Between the line containing "That was a quick" and the line containing "As promised, I'd" lies a run of lines; give that run again exactly, with both of those lines, and nothing else from the entries below.

*SUPPLIED INFORMATION*:
┌──

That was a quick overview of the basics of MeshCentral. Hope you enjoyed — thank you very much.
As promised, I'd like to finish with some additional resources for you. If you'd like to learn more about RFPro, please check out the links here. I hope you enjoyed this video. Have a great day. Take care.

└──
┌──

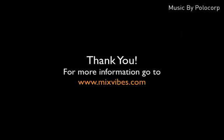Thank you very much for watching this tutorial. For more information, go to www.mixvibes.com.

└──

*YOUR SOLUTION*:
That was a quick overview of the basics of MeshCentral. Hope you enjoyed — thank you very much.
As promised, I'd like to finish with some additional resources for you. If you'd like to learn more about RFPro, please check out the links here. I hope you enjoyed this video. Have a great day. Take care.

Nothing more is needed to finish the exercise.